# [Action item]
Repeat every entry, word for word, leaving no line out.

▬▬▬▬▬▬

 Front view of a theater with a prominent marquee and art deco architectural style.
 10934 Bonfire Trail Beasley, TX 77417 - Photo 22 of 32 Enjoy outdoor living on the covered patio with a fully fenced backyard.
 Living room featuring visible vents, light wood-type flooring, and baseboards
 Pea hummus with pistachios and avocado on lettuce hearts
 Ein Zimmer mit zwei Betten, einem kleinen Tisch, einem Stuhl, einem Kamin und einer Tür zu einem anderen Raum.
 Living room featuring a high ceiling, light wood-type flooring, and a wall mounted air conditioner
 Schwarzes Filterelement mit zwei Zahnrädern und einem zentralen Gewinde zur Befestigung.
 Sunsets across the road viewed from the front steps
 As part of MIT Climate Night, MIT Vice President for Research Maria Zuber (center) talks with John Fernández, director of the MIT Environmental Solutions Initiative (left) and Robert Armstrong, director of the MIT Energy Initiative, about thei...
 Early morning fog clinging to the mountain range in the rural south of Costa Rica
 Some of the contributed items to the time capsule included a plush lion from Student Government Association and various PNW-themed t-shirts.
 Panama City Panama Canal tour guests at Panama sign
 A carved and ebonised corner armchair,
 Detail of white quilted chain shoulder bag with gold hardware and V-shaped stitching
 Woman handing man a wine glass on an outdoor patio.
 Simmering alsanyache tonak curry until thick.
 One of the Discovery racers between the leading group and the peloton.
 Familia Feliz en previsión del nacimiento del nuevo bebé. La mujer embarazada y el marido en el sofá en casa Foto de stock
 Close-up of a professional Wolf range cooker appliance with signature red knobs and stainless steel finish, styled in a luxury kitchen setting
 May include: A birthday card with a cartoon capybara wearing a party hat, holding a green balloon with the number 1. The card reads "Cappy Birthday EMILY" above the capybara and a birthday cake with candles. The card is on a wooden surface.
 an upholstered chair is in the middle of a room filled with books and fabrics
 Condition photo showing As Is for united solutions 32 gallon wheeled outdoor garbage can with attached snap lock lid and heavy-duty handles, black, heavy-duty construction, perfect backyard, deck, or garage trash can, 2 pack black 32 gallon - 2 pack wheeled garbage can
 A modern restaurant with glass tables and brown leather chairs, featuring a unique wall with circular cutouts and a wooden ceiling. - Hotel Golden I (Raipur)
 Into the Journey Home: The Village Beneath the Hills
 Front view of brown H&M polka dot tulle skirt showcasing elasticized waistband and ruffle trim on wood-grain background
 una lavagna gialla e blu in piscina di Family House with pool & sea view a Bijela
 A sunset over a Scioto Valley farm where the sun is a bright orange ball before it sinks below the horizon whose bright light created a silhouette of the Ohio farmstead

▬▬▬▬▬▬

# [Your solution]
 Front view of a theater with a prominent marquee and art deco architectural style.
 10934 Bonfire Trail Beasley, TX 77417 - Photo 22 of 32 Enjoy outdoor living on the covered patio with a fully fenced backyard.
 Living room featuring visible vents, light wood-type flooring, and baseboards
 Pea hummus with pistachios and avocado on lettuce hearts
 Ein Zimmer mit zwei Betten, einem kleinen Tisch, einem Stuhl, einem Kamin und einer Tür zu einem anderen Raum.
 Living room featuring a high ceiling, light wood-type flooring, and a wall mounted air conditioner
 Schwarzes Filterelement mit zwei Zahnrädern und einem zentralen Gewinde zur Befestigung.
 Sunsets across the road viewed from the front steps
 As part of MIT Climate Night, MIT Vice President for Research Maria Zuber (center) talks with John Fernández, director of the MIT Environmental Solutions Initiative (left) and Robert Armstrong, director of the MIT Energy Initiative, about thei...
 Early morning fog clinging to the mountain range in the rural south of Costa Rica
 Some of the contributed items to the time capsule included a plush lion from Student Government Association and various PNW-themed t-shirts.
 Panama City Panama Canal tour guests at Panama sign
 A carved and ebonised corner armchair,
 Detail of white quilted chain shoulder bag with gold hardware and V-shaped stitching
 Woman handing man a wine glass on an outdoor patio.
 Simmering alsanyache tonak curry until thick.
 One of the Discovery racers between the leading group and the peloton.
 Familia Feliz en previsión del nacimiento del nuevo bebé. La mujer embarazada y el marido en el sofá en casa Foto de stock
 Close-up of a professional Wolf range cooker appliance with signature red knobs and stainless steel finish, styled in a luxury kitchen setting
 May include: A birthday card with a cartoon capybara wearing a party hat, holding a green balloon with the number 1. The card reads "Cappy Birthday EMILY" above the capybara and a birthday cake with candles. The card is on a wooden surface.
 an upholstered chair is in the middle of a room filled with books and fabrics
 Condition photo showing As Is for united solutions 32 gallon wheeled outdoor garbage can with attached snap lock lid and heavy-duty handles, black, heavy-duty construction, perfect backyard, deck, or garage trash can, 2 pack black 32 gallon - 2 pack wheeled garbage can
 A modern restaurant with glass tables and brown leather chairs, featuring a unique wall with circular cutouts and a wooden ceiling. - Hotel Golden I (Raipur)
 Into the Journey Home: The Village Beneath the Hills
 Front view of brown H&M polka dot tulle skirt showcasing elasticized waistband and ruffle trim on wood-grain background
 una lavagna gialla e blu in piscina di Family House with pool & sea view a Bijela
 A sunset over a Scioto Valley farm where the sun is a bright orange ball before it sinks below the horizon whose bright light created a silhouette of the Ohio farmstead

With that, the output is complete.